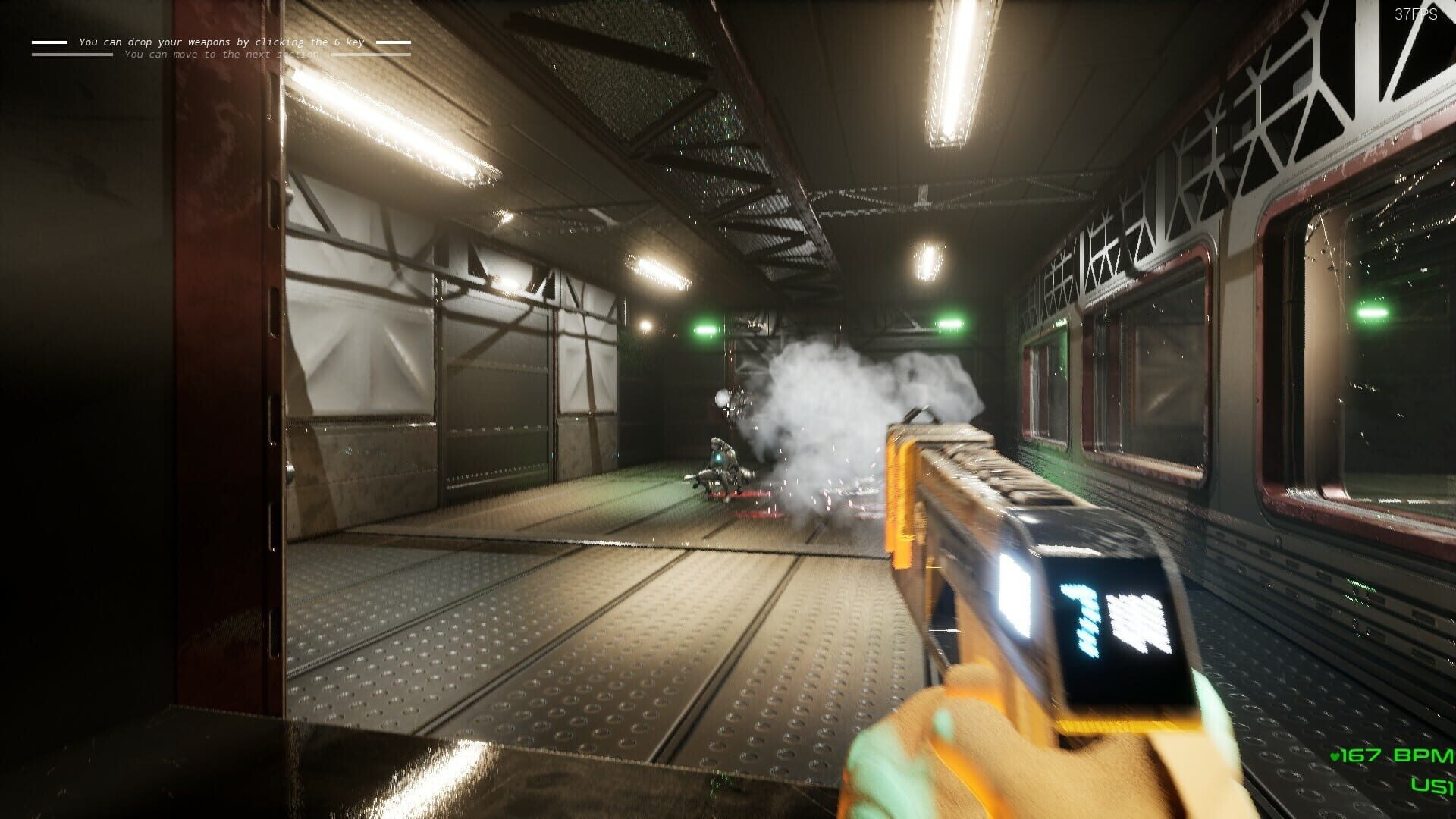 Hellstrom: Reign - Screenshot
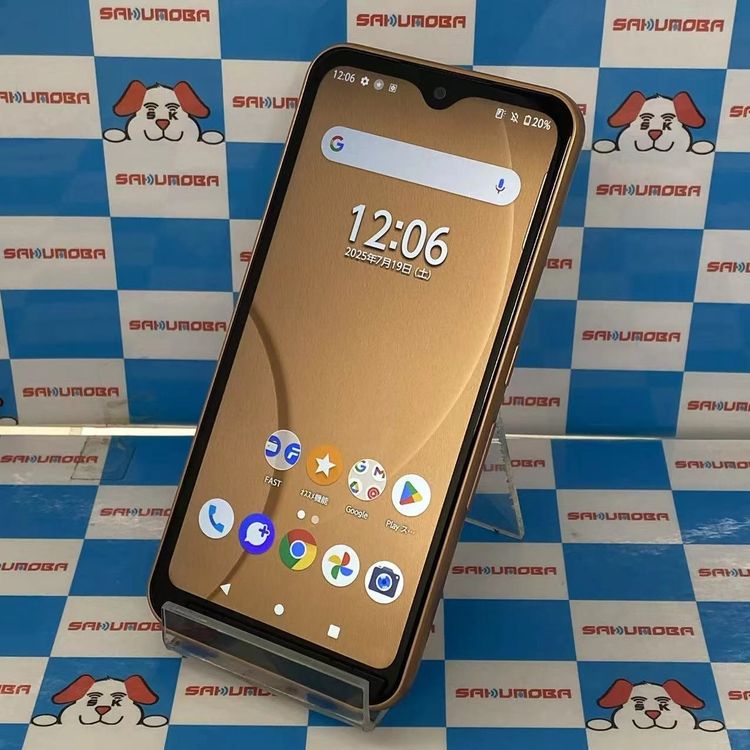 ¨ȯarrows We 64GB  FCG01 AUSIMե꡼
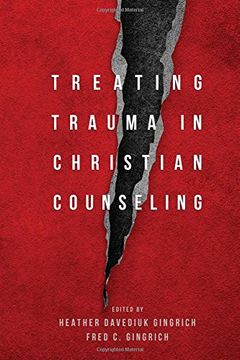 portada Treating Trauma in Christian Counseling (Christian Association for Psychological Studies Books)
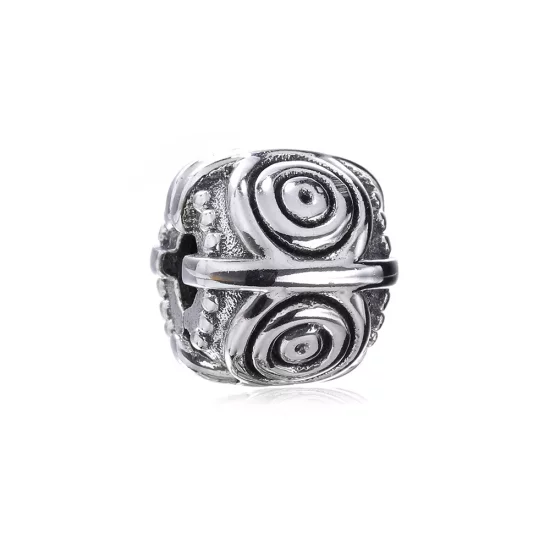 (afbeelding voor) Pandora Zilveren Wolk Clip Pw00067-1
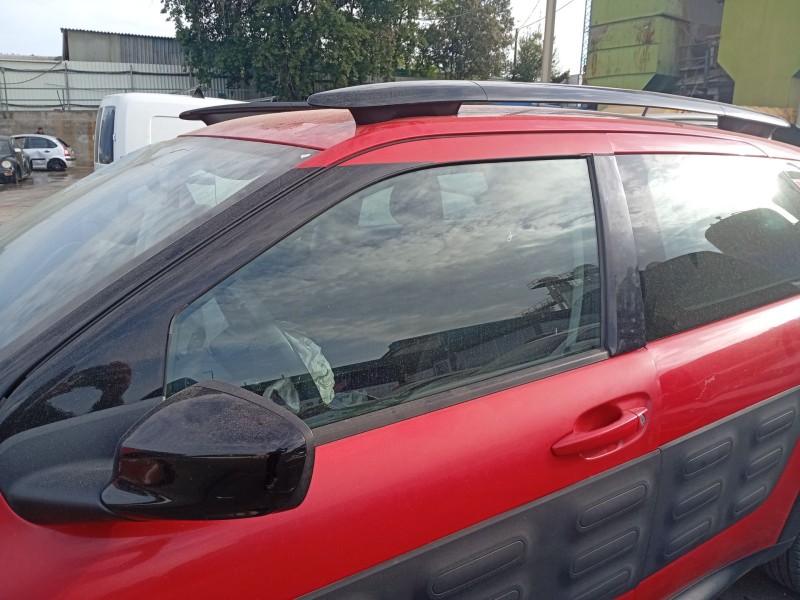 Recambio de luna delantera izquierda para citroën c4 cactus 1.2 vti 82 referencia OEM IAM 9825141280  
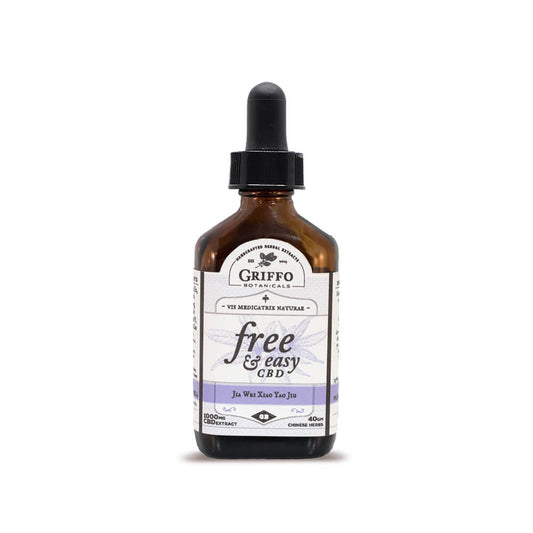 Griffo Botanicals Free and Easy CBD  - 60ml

* * *

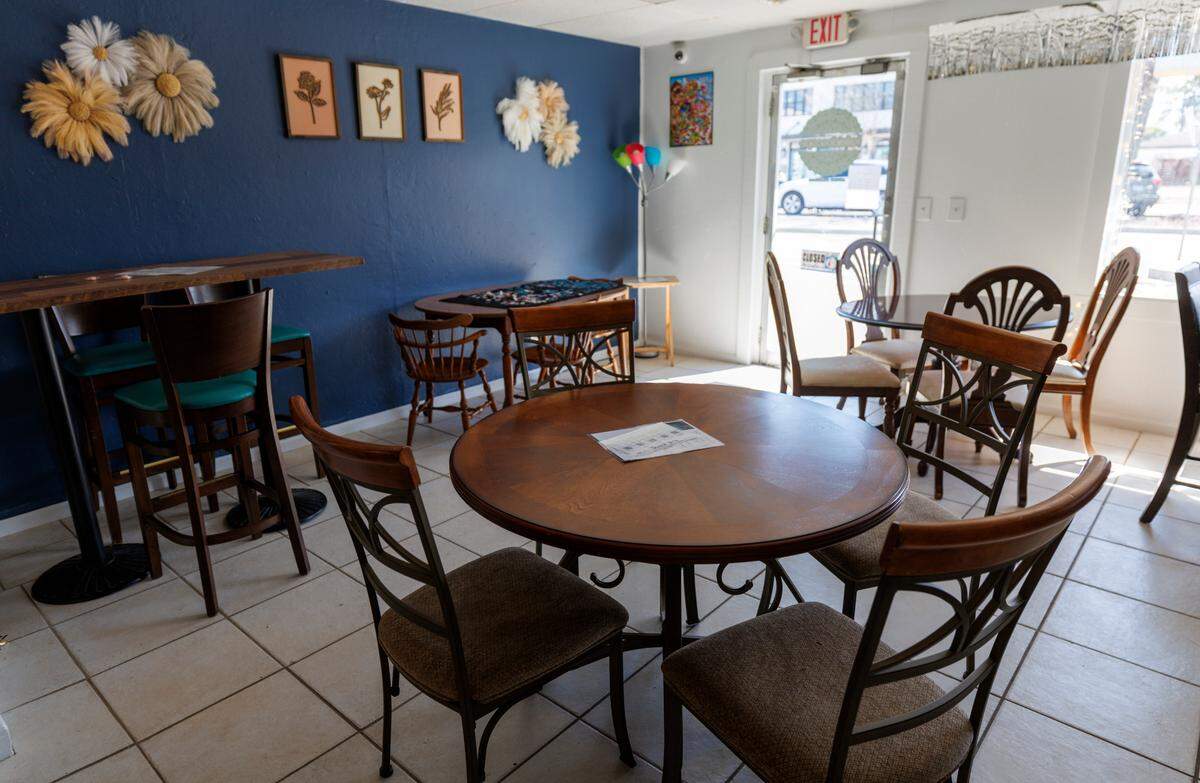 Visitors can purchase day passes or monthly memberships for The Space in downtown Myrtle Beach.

Exercise objective: Among the entries above, locate the line with "portada Treating Trauma" and the line with "Griffo Botanicals Free". Give those two lines and all lines between them again, exactly, leaving out the pictures.

Reply to the task:
 portada Treating Trauma in Christian Counseling (Christian Association for Psychological Studies Books)
 (afbeelding voor) Pandora Zilveren Wolk Clip Pw00067-1
 Recambio de luna delantera izquierda para citroën c4 cactus 1.2 vti 82 referencia OEM IAM 9825141280  
 Griffo Botanicals Free and Easy CBD  - 60ml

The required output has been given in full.